Yes there are existing footings under the slab


----------



## oh'mike (Sep 18, 2009)

If there is a footer under that slab--then you should be just fine---

A picture would help --but isn't critical----treated bottom plate is required---you might want to double that if a leveling compound will be poured over the existing slap to level out the pitch after the wall is built-----


----------



## hand drive (Apr 21, 2012)

is the outside of the wall going to sit flush to the outside of the slab or is it going to sit in onto the slab some? you will want to work it out so that you are flush to the edge so that water does not get under the wall... Also, put tyvek last and it does not go to the interior of the wall just onto the sheathing last and lap over the slab some.

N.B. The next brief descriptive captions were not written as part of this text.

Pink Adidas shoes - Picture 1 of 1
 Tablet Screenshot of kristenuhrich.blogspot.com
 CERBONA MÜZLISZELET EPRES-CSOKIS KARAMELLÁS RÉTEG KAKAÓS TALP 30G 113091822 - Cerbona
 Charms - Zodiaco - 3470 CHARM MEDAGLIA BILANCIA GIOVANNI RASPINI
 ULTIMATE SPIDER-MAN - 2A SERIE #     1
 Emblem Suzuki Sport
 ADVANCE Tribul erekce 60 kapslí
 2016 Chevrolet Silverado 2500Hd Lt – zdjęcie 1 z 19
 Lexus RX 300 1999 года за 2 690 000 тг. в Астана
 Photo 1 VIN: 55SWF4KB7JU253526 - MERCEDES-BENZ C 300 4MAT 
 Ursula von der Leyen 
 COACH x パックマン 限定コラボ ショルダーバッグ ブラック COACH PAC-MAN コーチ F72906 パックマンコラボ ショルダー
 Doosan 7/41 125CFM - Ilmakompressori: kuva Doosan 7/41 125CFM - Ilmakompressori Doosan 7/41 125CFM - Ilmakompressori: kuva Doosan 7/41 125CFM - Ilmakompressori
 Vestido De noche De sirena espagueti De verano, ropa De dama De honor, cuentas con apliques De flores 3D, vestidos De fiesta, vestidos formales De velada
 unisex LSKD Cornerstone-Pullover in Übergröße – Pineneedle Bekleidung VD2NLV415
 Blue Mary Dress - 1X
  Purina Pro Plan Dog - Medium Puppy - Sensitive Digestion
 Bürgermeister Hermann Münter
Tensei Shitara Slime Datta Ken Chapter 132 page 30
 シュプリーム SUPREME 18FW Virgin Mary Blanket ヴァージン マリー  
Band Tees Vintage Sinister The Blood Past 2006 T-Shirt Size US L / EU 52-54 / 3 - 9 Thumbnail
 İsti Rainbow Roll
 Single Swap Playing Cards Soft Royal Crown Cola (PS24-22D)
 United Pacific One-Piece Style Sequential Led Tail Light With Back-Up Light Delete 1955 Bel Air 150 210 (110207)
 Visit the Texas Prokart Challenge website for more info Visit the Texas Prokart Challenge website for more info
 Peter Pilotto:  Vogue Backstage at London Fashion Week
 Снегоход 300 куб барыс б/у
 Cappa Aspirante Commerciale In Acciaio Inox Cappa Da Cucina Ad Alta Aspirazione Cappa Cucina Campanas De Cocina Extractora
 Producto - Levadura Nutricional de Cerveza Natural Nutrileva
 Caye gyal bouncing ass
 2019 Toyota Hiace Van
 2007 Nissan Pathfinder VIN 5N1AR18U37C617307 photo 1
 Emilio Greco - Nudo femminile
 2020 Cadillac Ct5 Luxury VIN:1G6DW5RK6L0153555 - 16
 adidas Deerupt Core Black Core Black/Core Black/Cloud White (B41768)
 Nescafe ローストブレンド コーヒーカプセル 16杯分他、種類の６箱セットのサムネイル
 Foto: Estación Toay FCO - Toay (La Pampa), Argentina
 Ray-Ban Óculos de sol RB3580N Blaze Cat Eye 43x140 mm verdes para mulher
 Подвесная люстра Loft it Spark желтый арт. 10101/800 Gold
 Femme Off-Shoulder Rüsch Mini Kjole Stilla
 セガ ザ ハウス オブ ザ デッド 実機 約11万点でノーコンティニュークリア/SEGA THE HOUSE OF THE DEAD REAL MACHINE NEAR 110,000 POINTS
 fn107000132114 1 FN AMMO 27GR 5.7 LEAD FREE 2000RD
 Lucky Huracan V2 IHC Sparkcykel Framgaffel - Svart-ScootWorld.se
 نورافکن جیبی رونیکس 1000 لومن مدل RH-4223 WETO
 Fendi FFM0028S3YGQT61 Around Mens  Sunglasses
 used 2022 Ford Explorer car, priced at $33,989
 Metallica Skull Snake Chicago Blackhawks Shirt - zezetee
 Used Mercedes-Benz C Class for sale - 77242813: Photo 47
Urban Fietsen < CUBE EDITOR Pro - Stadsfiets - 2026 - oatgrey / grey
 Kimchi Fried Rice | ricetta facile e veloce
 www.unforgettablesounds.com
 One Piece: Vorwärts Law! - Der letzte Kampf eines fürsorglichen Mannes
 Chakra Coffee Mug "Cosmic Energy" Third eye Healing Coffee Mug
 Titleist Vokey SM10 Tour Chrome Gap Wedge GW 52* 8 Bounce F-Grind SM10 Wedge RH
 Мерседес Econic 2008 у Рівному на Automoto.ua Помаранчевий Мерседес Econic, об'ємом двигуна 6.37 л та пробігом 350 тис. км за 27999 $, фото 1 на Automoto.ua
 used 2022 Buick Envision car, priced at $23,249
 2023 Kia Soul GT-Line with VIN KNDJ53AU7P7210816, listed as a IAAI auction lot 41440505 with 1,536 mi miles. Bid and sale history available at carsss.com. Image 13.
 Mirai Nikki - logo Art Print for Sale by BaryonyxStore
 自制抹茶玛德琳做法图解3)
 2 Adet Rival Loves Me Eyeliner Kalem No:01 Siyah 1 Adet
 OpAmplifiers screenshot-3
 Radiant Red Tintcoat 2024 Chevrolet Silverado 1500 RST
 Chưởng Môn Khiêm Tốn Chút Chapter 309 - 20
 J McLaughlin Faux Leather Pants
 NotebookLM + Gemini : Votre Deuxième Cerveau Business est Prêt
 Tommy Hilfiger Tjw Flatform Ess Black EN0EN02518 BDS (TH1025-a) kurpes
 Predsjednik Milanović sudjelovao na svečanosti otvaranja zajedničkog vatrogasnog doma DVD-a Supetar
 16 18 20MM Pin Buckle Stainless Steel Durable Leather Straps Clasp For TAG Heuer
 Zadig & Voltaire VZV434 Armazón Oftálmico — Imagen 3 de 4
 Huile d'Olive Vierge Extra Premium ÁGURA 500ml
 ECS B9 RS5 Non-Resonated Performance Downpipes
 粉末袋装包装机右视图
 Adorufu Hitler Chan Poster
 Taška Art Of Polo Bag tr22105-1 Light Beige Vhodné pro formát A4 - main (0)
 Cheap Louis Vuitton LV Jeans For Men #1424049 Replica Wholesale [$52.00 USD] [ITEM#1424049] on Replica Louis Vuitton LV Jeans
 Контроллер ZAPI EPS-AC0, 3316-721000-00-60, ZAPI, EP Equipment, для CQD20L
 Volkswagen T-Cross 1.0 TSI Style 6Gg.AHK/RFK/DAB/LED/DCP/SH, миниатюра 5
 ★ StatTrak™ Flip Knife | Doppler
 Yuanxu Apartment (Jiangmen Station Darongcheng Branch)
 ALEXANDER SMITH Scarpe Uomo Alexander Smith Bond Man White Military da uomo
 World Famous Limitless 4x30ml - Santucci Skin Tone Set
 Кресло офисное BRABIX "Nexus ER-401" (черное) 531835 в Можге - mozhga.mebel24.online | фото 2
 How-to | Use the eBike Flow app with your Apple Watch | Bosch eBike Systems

Does the grade of your land around the porch slope toward the house or do you have a positive grade away from the structure? post a pic and maybe you will get more opinions to help your project along


----------



## joecaption (Nov 30, 2011)

Good point Hard Drive.
Every DIY deck I've ever seen where they tryed to enclose it they put the wall sitting back from the edge of the slab. Everyone of them leaks under the wall and rotted out the sheathing.
I just redid one that was set back 1-1/2. It rotted out the flooring, rim joist, sheathing. I had to shim out all the walls to get the sheathing to run past the slab.
One long wall was 2, 4 X 4's stacked on top of each other with no real rim joist and it bowed out 3" in the center. The two end walls were 6" differant in length.


----------



## hand drive (Apr 21, 2012)

joecaption said:


> Good point Hard Drive.
> Every DIY deck I've ever seen where they tryed to enclose it they put the wall sitting back from the edge of the slab. Everyone of them leaks under the wall and rotted out the sheathing.
> I just redid one that was set back 1-1/2. It rotted out the flooring, rim joist, sheathing. I had to shim out all the walls to get the sheathing to run past the slab.
> One long wall was 2, 4 X 4's stacked on top of each other with no real rim joist and it bowed out 3" in the center. The two end walls were 6" differant in length.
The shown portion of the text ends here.